Microsoft has promised new functionality on mobile this year that it believes will ensure it can compete with Apple and Google without having to develop its own handsets.


At the end of last month, Microsoft announced the launch of the Windows 7 version of its mobile web browsing system that will be first seen on phones around October.


Paul Lyonette, head of emerging technologies, said there were developments set for release towards the end of this year and into next that will help the firm make up lost ground on its rivals.


“The positioning of our offering is not all about the handset technology piece, it’s about giving the consumer what they want where they want it.


“We have partnerships with numerous different handset developers and that creates what is perceived to be a Windows phone – once the technology is on the handset, essentially it becomes a Windows phone.”


Lyonette said mobile was currently “pretty much on a par with where the internet was in 1999” in terms of advertising revenue and acceptance by the general public.


He said mobile internet still has some of the same hurdles to jump that internet did relating to factors such as trust, but that he expected these would be overcome more quickly.


“People are more comfortable in the digital space now, it’s part of everyone’s lives to transact with someone on the end of a computer not face to face. The
hurdles are not quite so high.


“The mindset of the individual is closer to making that leap far quicker than in the online space originally,” he said.


Mobile use is certainly growing quickly. BA.com manager of mobile innovation, Chris Carmichael, said during the snow in January the airline experienced six times the normal level of traffic from handsets – and mobile will account for well over one million visitors this year.


He said 2010 would be the year when people will realise mobile is already here rather than waiting for it to arrive. British Airways (BA) is keen to develop
its mobile services – it was the first airline in Europe to release an iPhone app – but a return on investment must be guaranteed, Carmichael added.

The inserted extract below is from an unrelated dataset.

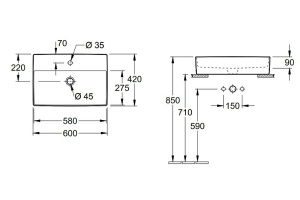 Накладная раковина Villeroy&Boch Memento 60 белая - 2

“It’s not a very good time to be an airline and there is not much money around. We have the ideas and know what we want to do, but I’m fighting for the same
resources as any other IT project and if something else is guaranteed to get money in they will do that.”


He said the iPhone app was a “low-risk “experiment” that cost little to create. It was “knocked up by a couple of developers in their spare time” and had proved a good addition to the BA brand.


But Carmichael said an app is only useful for customers with an existing relationship with a brand, for everyone else mobile web browsing must ensure accessibility to all the information customers require.